The key context is that the European Commission has approved it, but the European Parliament hasn’t, so there’s still a chance to kill ACTA by concentrating on the latter, and getting it to defend its electorate. For those of you who got distracted by all the SOPA/PIPA fun, and can’t quite remember which from the extensive menu of freedom-threatening measures ACTA is trying to push through, here’s a quick refresher.

ACTA, is by its very nature a trick – in fact, a double trick. It has been agreed between a self-selected group of countries outside any international organisations, and without any democratic oversight. Indeed, everything was discussed behind closed doors, and the hundreds of millions of people whose lives will be directly affected by it were not permitted to offer their views on anything at any point.

Strangely, though, the industries that make contributions to politicians’ re-election in some countries, or who avail themselves of lobbyists who work very closely with national governments in the rest, were not only given access to drafts, but were allowed to contribute to the process.

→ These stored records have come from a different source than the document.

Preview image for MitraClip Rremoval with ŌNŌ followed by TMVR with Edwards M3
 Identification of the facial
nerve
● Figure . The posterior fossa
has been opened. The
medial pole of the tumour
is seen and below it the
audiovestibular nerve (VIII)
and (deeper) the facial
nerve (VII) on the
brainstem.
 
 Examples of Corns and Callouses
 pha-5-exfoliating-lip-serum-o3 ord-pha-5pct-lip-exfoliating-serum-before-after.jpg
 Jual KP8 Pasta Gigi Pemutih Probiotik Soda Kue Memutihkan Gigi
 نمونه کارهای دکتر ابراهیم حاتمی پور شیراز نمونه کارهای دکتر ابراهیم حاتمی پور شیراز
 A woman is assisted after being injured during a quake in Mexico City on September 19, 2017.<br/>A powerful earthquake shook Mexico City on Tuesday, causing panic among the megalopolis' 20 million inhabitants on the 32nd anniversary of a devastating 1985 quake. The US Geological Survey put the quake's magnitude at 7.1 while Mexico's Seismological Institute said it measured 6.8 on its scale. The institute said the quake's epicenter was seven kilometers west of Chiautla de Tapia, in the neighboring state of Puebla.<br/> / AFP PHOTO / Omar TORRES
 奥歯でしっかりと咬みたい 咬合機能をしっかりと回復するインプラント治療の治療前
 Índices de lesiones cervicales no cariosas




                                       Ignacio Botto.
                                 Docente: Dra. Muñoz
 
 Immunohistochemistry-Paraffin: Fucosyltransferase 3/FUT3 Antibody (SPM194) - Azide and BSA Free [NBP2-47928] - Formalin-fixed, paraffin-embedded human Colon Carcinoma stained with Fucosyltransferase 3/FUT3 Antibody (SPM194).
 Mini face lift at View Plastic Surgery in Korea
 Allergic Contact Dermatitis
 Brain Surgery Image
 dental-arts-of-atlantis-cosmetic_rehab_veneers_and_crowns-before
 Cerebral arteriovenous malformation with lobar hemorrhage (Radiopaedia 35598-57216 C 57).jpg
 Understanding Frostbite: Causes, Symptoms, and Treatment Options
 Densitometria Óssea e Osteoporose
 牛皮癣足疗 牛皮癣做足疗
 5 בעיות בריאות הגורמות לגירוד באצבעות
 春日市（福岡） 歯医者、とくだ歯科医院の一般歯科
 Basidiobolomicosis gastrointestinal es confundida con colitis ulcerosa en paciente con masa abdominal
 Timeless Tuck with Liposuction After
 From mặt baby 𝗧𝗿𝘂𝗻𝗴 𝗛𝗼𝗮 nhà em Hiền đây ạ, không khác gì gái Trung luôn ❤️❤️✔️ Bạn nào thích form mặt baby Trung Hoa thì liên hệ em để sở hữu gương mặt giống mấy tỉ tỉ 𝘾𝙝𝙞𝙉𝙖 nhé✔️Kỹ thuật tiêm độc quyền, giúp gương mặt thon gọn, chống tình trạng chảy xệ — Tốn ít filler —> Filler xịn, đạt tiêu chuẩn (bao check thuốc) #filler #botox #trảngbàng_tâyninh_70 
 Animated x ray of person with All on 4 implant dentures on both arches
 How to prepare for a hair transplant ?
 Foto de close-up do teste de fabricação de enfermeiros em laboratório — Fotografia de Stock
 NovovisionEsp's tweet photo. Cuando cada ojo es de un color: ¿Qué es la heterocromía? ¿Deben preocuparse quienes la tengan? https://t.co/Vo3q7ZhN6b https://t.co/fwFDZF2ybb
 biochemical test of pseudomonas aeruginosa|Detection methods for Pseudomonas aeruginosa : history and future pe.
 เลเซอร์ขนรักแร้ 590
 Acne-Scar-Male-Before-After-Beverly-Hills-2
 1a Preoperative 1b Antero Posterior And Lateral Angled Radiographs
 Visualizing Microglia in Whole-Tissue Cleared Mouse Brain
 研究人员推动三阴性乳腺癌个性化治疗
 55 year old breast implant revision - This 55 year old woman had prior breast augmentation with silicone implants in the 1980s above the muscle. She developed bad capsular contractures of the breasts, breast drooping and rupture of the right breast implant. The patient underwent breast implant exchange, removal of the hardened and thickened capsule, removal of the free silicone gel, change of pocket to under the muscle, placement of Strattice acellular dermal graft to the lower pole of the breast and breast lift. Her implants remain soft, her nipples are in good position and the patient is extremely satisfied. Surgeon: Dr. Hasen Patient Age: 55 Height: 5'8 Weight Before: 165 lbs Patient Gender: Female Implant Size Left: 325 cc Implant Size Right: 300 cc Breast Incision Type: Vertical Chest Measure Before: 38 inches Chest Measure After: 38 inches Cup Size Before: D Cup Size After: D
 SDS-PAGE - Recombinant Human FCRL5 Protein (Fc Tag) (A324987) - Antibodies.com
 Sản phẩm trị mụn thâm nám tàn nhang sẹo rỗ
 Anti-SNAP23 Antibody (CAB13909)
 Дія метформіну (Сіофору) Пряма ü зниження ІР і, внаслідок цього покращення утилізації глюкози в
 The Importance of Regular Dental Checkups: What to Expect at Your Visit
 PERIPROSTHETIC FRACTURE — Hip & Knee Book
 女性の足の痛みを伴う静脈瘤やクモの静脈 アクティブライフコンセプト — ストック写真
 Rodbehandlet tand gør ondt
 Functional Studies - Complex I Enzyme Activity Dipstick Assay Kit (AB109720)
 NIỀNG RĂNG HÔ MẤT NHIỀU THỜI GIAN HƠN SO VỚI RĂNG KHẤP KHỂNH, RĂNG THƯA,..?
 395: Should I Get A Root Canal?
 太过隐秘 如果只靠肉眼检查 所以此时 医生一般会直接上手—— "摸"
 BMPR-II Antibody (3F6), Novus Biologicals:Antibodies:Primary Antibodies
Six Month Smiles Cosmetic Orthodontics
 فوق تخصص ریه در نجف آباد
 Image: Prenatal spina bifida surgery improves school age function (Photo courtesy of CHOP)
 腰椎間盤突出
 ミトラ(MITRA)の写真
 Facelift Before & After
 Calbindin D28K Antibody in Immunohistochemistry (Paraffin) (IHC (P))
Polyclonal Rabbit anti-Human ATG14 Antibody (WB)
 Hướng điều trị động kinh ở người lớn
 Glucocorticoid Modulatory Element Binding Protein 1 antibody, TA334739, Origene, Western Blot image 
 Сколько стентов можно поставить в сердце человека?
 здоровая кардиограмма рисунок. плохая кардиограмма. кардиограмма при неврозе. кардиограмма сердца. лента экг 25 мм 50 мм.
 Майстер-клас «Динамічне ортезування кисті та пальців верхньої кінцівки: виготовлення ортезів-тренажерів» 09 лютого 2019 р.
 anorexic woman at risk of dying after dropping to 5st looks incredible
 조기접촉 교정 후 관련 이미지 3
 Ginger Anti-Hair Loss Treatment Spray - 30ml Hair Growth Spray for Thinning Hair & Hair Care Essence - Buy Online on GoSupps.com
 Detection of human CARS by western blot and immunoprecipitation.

ACTA is also a trick in that its name is “Anti-Counterfeiting Trade Agreement”, and on the rare occasions that politicians have condescended to talk to the little people about it, much of the rhetoric used has been about the “dangers” of counterfeit goods like fake medicines or spare parts for aeroplanes. And of course, counterfeits are indeed a serious danger in those fields; but the deception is that alongside these physical counterfeits are slipped digital copies of intangible goods as if they represented the same dangers, and the same harsh laws against them will be applied to both.

Doing so is simply dishonest on the part of those drawing up the agreement: the honest thing would have been to create an APTA – Anti-Piracy Trade Agreement – alongside ACTA. That would have allowed the very different dangers to have been separated, and with them, the very different responses that were appropriate. Instead, to their eternal shame, the participating governments have used the shabby trick of bundling everything together in the vague hope that we might be stupid enough to accept them as if they were equivalent.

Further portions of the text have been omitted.